From the listing that follows, reproduce only the lines from the one holding "Crux Infotech Pvt. Ltd. Logo" through the one holding "TERRENO 1100 MQ.", both included, with no pictures.

# SOURCE RECORDS:
*** Block opens ***

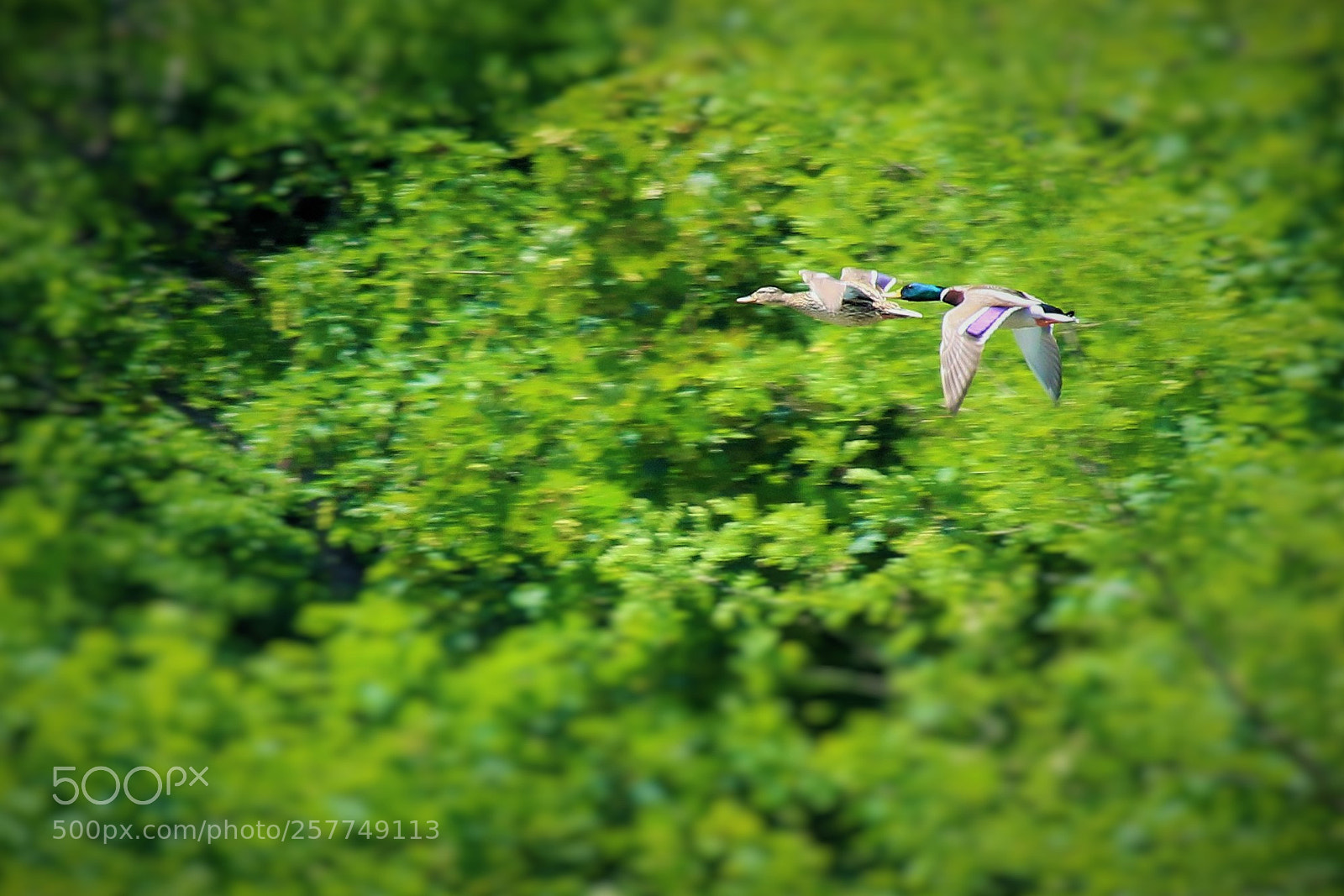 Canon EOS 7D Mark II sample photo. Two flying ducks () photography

*** Block closes ***
*** Block opens ***

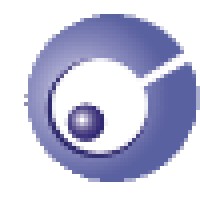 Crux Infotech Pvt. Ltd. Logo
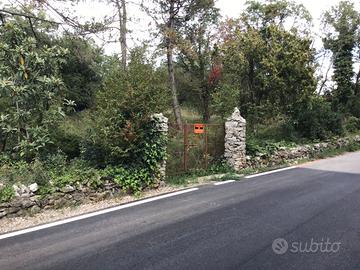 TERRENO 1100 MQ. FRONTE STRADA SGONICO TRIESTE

*** Block closes ***

# TASK ANSWER:
 Crux Infotech Pvt. Ltd. Logo
 TERRENO 1100 MQ. FRONTE STRADA SGONICO TRIESTE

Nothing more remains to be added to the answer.